Dedicated Attorney Helping Arroyo Grande Clients With Probate Issues
Probate is the legal process of determining and distributing your assets, and settling your liabilities, after you die. In California, estates valued at more than $150,000 generally have to be probated in your county’s Superior Court. If you have executed a will, it will be submitted to the probate court and they will work with the administrator named in the will to distribute assets. If you have not executed a will, an administrator will be assigned.
How Does Probate Work?
If there is no will, the California Probate Code provides a list of persons who have priority to petition to become administrator. If there is a will, the person who is nominated in the will as executor files a petition—which includes the will itself—with the Superior Court asking that he or she be appointed as executor. After the petition is filed, the court notifies heirs and/or relatives as to when the hearing will be held. The hearing is ordered to resolve any objections to the petition, contestations of the will or other problems can be resolved.

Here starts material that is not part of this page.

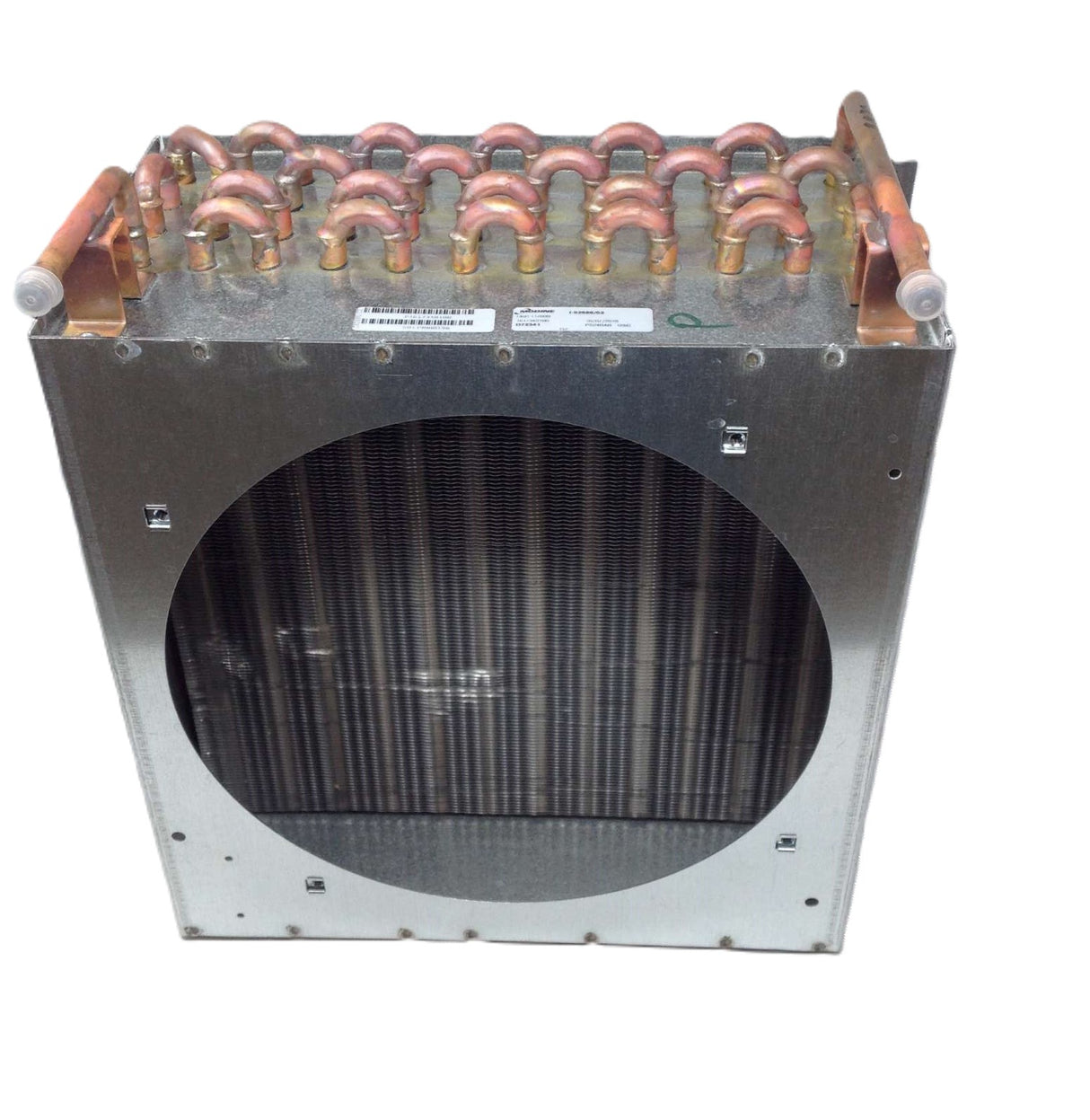 MODINE - I-92686/02 - CONDENSER ID44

The executor then inventories the estate assets, contacts creditors, pays bills, files tax returns, and manages assets. When the executor completes their job, they file another petition with the court to distribute the estate to the heirs. Once the court grants the petition, the estate assets are distributed to the heirs and final tax returns are filed.
Probate Pros and Cons
On one hand, probate can offer an orderly judge-controlled process that can help resolve disputes among heirs and the executor, administer creditor claims, and result in transparent accounting of estate assets and the executor’s activities. On the other hand, probate is expensive—the process costs far more than would be required to administer a living trust for the same estate. And it usually takes much longer to probate an estate than to administer a trust. Most estates don’t need the supervision of the court unless disputes occur.
How Can an Attorney Help?
If you want to minimize the hassle of distributing your assets among your heirs, you would benefit from hiring an experienced California estate planning attorney like Doug Buchanan. He can show you how to avoid probate by creating a living trust. If you have lost a loved one and you’re already in the process of probate, Doug can help represent and protect your interests towards forging a fair settlement of your claims to the estate.
How long does probate usually take?
It depends on a couple of factors. The probate process generally takes six months to a year, it can be prolonged if the estate is complicated or if the executor delays his duties.
Can probate be started before the person who writes the will dies?
Some probate courts accept a will before the testator’s death, they will not start probate until the testator dies.
Can the executor of a will sell property during probate without the approval of all beneficiaries?
It depends on the language of the will. If the will doesn’t explicitly disallow such a sale, the executor can sell a property without the beneficiaries consenting.